• **What you need to do**: Return the whole listing unchanged. Drop the images.

• **Data segment**:
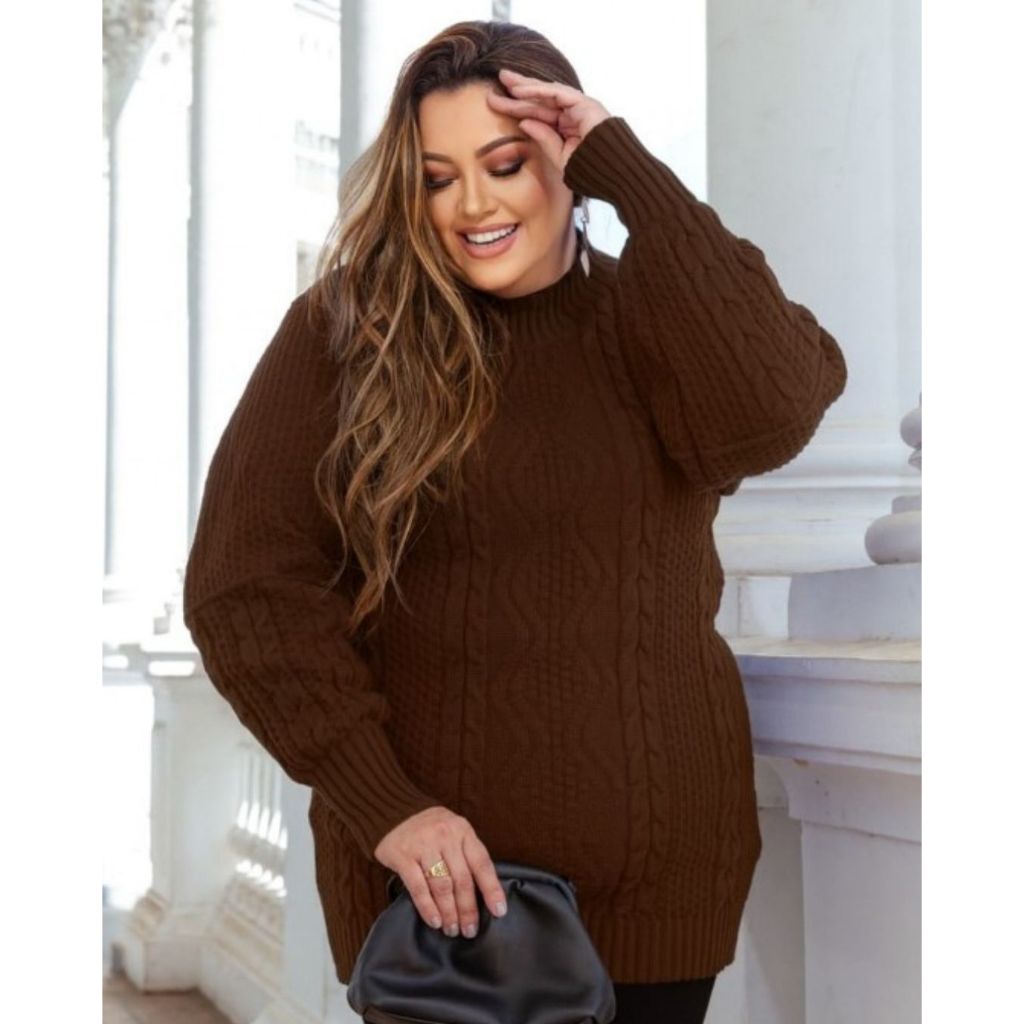 Blusa Feminina Tricô Plus Size Detalhes em Tranç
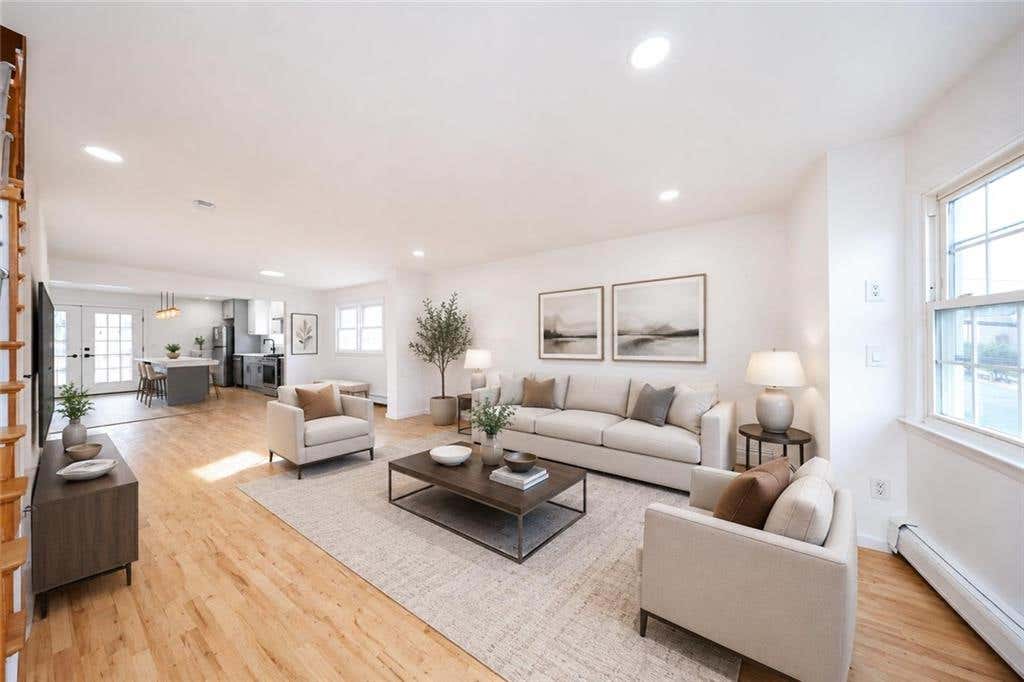 Photo of 370 Atlantic Avenue, Staten Island, NY 10305 (MLS # 503498)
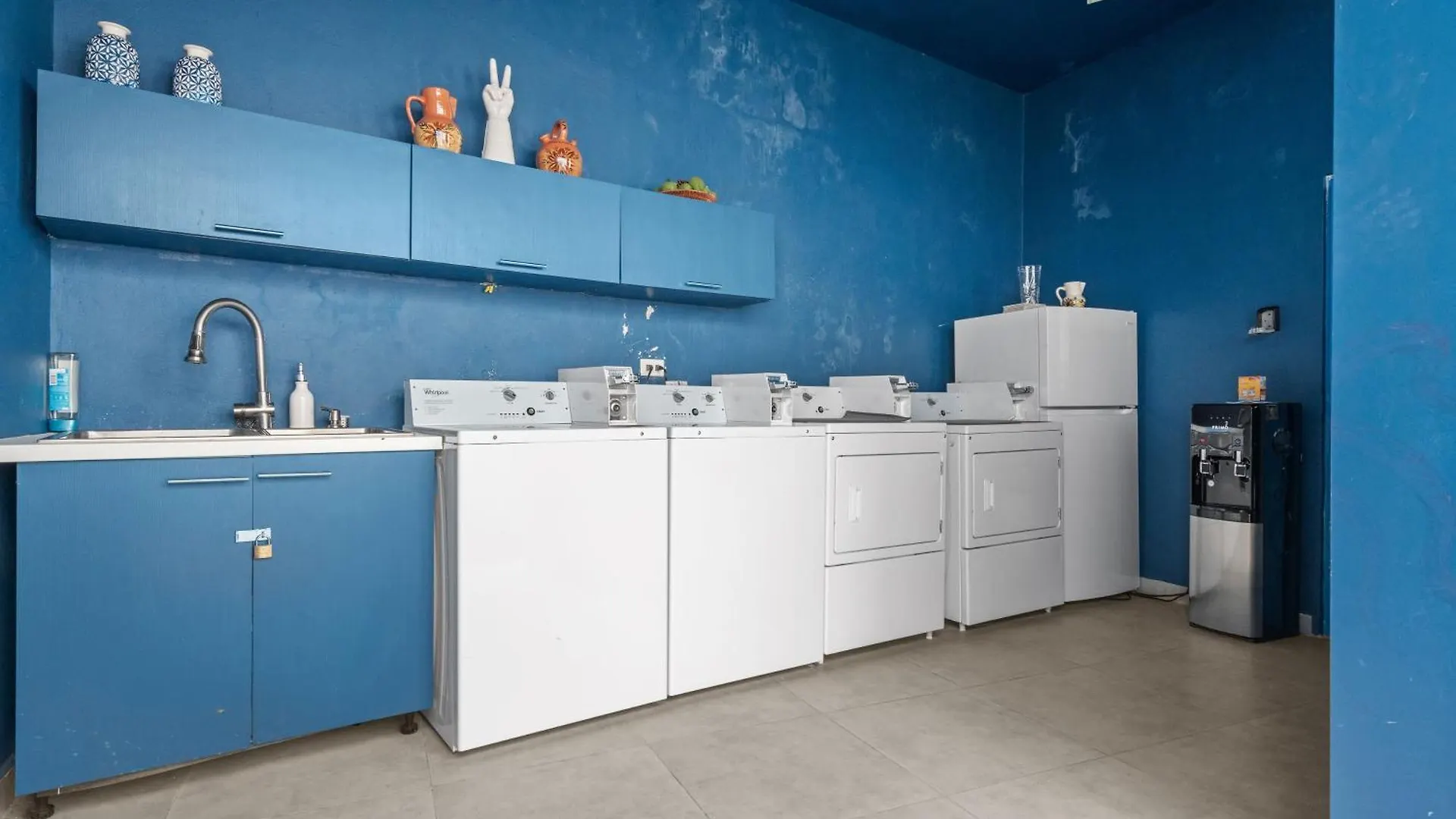 דירה סן חואן Cozy High-Ceiling Urban Studio Mm2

• **Exercise response**:
 Blusa Feminina Tricô Plus Size Detalhes em Tranç
 Photo of 370 Atlantic Avenue, Staten Island, NY 10305 (MLS # 503498)
 דירה סן חואן Cozy High-Ceiling Urban Studio Mm2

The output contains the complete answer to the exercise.